## WORK REQUEST
Give the data again in full, without pictures.

:: DATA SECTION

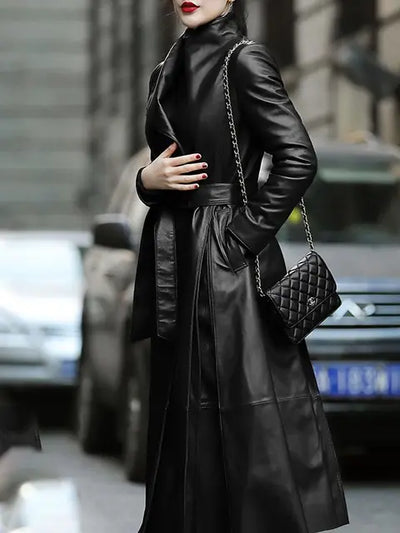 Women's Leather Trench Coat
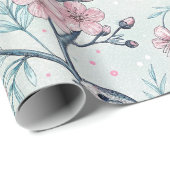 Sakura Cherry Blossom & Bird Aesthetic 4 Cadeaupapier (Rol Hoek)
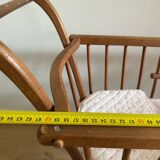 Ancien landeau en bois vintage pour enfant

::::

## TASK RESPONSE
 Women's Leather Trench Coat
 Sakura Cherry Blossom & Bird Aesthetic 4 Cadeaupapier (Rol Hoek)
 Ancien landeau en bois vintage pour enfant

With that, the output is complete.